Nachwort zur Papstheimsuchung

Aus München kommt dieses Resümee zur Ratzinger-Tournee
durch Deutschland von Wilfried Müller

Die Jugend glaubt kaum noch ans Halleluja, im Westen 23% und im Osten fast 0. Nach den letzten Zahlen hat nur der Glaube ans Hamdullilah Konjunktur: Wer nicht voll integriert ist, der ist wenigstens voll indoktriniert; doch das sind höchstens 10%. So sieht's bei der zukünftigen Generation aus - und das macht die Religion zu einer Alterserscheinung. Von daher läuft der Papst am besten unter Vergangenheitsbewältigung.

Nun folgt der Deutsche Bundestag seiner Tradition, am Mehrheitswillen genauso vorbeizustümpern wie an Logik und Vernunft, und das bringt den Papst dort in die Bütt. Vergangenheitsbewältigung ist dort sehr in Mode; doch was der Papst dort vorzutragen hatte, war eine verklausulierte Verunglimpfung von Wissenschaft und Säkularität. Wenn er "die Herrschaft der positivistischen Vernunft" eine "dramatische Situation" nennt, so zieht er damit gegen das wissenschaftliche Weltbild ins Feld. Im Klartext verlangt er danach, die Maßstäbe vom "Göttlichen" abzuleiten, statt von der Vernunft.

Diesem archaischen Unfug haben Abgeordnete stehend applaudiert, und sie gingen mit der Vorstellung da raus, der Papst hätte keine Mission getrieben. Die meisten haben also gar nicht kapiert, was ihnen da an Wissenschaftsleugnung vorgesetzt wurde. Der Papst kann unwidersprochen wissenschaftsfeindliche Positionen vortragen und kriegt sogar noch Beifall dafür - damit hat er schlicht aufgezeigt, was für Unbedarfte wir im Bundestag sitzen haben. Ein stärkeres Argument kann es kaum geben, die Religion endlich stubenrein zu machen und das Säkularitätsdefizit zu beseitigen.

nicht nur uniformierte Kleriker klatschten sich die Hände heiß ...
... sondern auch christliche Bundestagszivilisten:

Lücken in den Reihen waren aber auch nicht zu übersehen

Noch schlimmer ist die Erkenntnis, wie sehr unser Bundestag mit Leichtgläubigen vollgestopft ist; anscheinend ist es die große Mehrheit. Wir müssen dem Papst geradezu dankbar sein, dass er uns das klargemacht hat. Die meisten Abgeordneten haben nicht genug kritische Vernunft, um die Gottesmär zu hinterfragen, und nicht genug Informationsbedürfnis, um zu recherchieren, was da vor 2000 Jahren wirklich abging.

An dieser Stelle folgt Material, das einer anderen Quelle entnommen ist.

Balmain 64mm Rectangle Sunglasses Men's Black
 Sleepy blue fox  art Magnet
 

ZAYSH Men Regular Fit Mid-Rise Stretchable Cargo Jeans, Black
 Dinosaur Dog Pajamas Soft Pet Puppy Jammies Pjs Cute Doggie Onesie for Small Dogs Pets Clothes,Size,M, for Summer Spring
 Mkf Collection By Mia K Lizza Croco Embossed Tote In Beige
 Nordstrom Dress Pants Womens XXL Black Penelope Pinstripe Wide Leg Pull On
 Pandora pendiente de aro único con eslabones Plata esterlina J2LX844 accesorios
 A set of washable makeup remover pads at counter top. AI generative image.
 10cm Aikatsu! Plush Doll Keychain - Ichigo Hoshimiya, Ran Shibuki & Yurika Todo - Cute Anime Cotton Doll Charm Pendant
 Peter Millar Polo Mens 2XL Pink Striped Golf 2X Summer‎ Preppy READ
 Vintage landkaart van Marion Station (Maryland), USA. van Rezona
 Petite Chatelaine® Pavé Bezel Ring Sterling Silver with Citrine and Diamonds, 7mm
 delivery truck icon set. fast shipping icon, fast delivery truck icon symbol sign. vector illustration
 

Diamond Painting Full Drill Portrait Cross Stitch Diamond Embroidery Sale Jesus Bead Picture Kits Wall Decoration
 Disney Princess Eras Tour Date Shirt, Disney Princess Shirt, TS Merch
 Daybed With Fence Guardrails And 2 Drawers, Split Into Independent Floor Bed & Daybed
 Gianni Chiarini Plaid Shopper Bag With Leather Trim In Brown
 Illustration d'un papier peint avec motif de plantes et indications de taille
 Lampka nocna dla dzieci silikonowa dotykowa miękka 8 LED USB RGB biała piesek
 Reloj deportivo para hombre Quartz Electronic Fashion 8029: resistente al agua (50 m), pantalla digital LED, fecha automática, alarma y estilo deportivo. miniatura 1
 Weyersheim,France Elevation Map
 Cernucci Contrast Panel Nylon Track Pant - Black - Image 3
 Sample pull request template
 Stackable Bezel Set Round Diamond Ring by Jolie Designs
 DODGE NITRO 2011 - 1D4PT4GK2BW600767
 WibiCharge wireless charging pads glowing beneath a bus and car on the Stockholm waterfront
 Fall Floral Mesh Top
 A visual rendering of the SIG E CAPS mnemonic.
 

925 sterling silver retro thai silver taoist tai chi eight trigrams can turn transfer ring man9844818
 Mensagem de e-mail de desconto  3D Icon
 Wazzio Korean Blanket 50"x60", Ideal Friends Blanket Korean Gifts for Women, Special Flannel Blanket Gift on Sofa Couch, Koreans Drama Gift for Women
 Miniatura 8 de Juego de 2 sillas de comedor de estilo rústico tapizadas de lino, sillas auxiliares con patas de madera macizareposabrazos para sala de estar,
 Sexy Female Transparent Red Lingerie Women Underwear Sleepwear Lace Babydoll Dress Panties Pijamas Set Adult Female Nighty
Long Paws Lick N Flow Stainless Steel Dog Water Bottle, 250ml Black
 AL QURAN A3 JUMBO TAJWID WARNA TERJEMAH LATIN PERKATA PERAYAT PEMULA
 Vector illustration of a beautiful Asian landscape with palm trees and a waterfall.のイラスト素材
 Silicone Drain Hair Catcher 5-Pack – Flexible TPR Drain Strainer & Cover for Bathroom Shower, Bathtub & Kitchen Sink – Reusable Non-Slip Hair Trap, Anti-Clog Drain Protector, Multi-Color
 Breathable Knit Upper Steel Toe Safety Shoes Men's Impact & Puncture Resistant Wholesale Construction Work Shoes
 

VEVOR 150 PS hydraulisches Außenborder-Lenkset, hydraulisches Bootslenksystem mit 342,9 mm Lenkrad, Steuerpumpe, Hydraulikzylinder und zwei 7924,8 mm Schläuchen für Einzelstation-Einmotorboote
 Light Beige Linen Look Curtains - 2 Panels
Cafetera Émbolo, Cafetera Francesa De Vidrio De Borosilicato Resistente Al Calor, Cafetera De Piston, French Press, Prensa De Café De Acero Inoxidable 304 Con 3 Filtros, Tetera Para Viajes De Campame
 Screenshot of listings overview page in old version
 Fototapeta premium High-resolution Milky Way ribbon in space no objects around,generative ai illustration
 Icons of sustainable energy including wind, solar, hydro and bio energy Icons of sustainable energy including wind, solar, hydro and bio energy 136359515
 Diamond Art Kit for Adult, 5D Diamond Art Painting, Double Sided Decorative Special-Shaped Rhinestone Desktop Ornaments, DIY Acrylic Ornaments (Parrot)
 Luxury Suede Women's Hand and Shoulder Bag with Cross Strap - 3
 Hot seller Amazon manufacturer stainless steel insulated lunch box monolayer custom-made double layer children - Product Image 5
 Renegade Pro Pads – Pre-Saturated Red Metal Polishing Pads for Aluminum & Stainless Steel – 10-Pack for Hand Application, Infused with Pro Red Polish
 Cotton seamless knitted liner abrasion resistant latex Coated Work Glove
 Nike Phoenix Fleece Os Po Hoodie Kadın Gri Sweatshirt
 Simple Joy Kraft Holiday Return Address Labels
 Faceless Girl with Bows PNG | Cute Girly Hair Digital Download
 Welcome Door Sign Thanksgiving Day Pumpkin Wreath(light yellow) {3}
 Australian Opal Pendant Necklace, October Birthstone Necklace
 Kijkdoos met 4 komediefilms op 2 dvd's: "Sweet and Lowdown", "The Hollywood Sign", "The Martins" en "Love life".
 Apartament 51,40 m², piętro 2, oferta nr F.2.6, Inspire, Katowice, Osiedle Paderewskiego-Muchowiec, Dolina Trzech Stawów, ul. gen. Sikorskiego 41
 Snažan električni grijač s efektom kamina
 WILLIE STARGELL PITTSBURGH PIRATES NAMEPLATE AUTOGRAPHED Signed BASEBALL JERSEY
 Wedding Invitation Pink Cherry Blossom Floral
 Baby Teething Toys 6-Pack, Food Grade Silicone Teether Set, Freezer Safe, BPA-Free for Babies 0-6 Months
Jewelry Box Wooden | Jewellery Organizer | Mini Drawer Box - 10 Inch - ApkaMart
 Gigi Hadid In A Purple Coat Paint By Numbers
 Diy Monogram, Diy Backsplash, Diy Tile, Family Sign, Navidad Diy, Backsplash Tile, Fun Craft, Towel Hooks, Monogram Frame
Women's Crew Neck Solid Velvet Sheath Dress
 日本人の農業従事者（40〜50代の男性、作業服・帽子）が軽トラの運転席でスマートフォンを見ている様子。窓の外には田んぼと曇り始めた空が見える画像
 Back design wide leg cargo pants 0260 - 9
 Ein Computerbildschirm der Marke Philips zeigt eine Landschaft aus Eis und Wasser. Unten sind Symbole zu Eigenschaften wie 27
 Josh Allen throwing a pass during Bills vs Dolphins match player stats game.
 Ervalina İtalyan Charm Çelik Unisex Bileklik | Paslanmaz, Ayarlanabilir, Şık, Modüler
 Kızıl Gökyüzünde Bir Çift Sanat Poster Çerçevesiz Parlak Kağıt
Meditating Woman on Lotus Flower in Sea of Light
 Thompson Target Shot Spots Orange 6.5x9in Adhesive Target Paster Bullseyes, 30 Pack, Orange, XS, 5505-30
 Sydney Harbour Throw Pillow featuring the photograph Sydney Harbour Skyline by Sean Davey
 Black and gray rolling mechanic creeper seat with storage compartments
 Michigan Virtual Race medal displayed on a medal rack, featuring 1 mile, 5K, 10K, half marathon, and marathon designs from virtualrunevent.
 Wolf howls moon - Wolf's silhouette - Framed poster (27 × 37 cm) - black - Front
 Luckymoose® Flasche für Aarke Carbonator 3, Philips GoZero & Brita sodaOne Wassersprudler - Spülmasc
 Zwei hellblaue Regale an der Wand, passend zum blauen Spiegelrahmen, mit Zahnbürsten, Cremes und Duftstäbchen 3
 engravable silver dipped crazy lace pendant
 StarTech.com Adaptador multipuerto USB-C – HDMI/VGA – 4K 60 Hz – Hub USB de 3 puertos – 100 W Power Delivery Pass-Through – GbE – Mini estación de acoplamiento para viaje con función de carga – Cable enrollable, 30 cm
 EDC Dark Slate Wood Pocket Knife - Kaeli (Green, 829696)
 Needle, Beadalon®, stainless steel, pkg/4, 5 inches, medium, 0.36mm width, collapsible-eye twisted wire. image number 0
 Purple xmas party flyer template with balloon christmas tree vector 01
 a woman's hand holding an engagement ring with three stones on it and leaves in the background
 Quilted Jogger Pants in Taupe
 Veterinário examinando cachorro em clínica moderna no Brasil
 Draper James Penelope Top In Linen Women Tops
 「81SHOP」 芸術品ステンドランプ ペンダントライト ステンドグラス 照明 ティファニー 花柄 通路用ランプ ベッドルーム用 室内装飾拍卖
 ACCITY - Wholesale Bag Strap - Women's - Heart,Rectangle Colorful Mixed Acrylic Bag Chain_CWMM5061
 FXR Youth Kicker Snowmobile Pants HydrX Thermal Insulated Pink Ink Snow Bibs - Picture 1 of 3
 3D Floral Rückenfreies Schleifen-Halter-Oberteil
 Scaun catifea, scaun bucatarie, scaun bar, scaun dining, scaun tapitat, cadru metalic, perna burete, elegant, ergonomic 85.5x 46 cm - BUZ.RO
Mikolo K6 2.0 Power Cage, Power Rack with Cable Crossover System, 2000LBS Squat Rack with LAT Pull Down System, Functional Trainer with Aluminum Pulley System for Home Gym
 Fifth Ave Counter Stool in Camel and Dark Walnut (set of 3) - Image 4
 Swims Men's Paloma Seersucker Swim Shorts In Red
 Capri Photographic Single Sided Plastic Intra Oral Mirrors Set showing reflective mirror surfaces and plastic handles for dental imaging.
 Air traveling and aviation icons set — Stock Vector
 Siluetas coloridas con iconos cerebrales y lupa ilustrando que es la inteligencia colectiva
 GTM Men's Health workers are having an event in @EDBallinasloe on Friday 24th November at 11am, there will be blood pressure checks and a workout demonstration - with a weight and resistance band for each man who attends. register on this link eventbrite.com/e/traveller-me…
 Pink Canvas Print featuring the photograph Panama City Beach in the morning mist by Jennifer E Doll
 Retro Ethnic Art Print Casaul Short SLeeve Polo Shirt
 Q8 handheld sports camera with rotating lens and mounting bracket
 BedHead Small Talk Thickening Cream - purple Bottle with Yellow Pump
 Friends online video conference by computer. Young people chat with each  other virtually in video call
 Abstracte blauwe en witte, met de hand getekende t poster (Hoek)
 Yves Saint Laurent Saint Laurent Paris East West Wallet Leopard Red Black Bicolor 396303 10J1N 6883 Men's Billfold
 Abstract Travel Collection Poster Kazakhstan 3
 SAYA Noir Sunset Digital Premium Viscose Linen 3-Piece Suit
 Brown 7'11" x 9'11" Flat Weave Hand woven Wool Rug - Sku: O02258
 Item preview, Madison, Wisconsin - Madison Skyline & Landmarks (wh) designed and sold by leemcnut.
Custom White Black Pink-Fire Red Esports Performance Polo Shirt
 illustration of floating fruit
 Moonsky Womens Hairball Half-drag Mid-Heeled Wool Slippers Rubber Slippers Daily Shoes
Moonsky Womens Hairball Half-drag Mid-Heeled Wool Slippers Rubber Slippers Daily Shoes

Wenn die auf die Gottesmär reinfallen, dann kann man denen alles unterjubeln - und das Blöde ist, es ist 2008 passiert, und es ist 2011 passiert. Unsere Regierung samt Bundestagsmehrheit ist schon zweimal auf die Banken-Lobby reingefallen, die ihnen die Hölle heißgemacht hat: Wenn sie nicht ganz schnell ganz viel Geld rüberschieben, dann gibt es einen Systemzusammenbruch mit unaussprechlichen Folgen. Dass diese Folgen vielleicht in einer Bereinigung des Missbrauchs bestehen würden und breite Solidarisierung gegen die Abkassier-Künstler auslösen könnten, geht dabei unter.

Diese Ignoranz ist es, worauf der Papst uns hinweist: Finanzblasen und Religionen funktionieren nach demselben Prinzip. Beide versuchen, einen möglichst großen Abstand zur Realität zu gewinnen, um ihre Dogmen unangreifbar zu machen. Was bei der Religion "heilig" ist, ist in der Finanzwelt "systemrelevant". Was diesen Status erreicht hat, muss geschützt werden, egal was es kostet, und egal, wie dumm und schädlich es ist.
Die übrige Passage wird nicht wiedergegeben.